From the line bearing "high resolution,high quality,Perfect" down to the final line of the records below, give every line again exactly and add nothing.

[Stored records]
_ _ _ _ _ _ _
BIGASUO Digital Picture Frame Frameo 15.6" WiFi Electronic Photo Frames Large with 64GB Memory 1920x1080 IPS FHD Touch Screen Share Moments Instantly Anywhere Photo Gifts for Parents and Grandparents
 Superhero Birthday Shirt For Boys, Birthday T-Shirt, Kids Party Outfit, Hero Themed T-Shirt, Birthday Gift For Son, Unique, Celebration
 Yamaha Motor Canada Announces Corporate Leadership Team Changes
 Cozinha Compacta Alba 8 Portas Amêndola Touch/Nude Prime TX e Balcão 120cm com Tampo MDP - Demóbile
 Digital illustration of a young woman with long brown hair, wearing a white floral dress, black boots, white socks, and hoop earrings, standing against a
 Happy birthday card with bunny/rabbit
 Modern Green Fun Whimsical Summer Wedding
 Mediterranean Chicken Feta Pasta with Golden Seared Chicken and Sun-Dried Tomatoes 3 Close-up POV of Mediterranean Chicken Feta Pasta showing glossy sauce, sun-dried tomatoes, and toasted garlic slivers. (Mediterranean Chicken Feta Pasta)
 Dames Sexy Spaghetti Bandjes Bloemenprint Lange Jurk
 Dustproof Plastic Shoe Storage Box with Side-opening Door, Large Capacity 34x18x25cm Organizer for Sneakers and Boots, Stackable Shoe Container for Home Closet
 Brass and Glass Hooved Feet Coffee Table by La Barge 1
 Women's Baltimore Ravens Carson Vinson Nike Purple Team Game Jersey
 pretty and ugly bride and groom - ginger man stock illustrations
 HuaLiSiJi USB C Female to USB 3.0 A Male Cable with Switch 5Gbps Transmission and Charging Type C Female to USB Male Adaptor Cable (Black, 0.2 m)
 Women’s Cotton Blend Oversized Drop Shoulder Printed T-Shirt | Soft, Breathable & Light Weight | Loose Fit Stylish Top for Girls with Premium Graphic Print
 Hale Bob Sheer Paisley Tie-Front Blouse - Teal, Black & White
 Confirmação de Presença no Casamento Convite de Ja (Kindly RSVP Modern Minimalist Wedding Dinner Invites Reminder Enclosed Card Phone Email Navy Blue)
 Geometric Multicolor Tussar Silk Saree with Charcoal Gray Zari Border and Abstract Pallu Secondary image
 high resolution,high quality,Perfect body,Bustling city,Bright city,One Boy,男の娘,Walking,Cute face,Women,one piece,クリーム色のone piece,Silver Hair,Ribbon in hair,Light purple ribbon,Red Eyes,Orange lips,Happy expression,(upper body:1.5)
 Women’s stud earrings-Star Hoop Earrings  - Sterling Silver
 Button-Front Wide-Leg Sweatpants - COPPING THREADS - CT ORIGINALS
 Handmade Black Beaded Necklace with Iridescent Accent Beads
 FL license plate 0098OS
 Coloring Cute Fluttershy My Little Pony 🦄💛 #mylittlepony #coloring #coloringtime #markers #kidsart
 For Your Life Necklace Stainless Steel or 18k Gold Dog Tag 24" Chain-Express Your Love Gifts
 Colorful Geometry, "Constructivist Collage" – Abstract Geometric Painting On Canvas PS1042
_ _ _ _ _ _ _
FINISHED TASK:
 high resolution,high quality,Perfect body,Bustling city,Bright city,One Boy,男の娘,Walking,Cute face,Women,one piece,クリーム色のone piece,Silver Hair,Ribbon in hair,Light purple ribbon,Red Eyes,Orange lips,Happy expression,(upper body:1.5)
 Women’s stud earrings-Star Hoop Earrings  - Sterling Silver
 Button-Front Wide-Leg Sweatpants - COPPING THREADS - CT ORIGINALS
 Handmade Black Beaded Necklace with Iridescent Accent Beads
 FL license plate 0098OS
 Coloring Cute Fluttershy My Little Pony 🦄💛 #mylittlepony #coloring #coloringtime #markers #kidsart
 For Your Life Necklace Stainless Steel or 18k Gold Dog Tag 24" Chain-Express Your Love Gifts
 Colorful Geometry, "Constructivist Collage" – Abstract Geometric Painting On Canvas PS1042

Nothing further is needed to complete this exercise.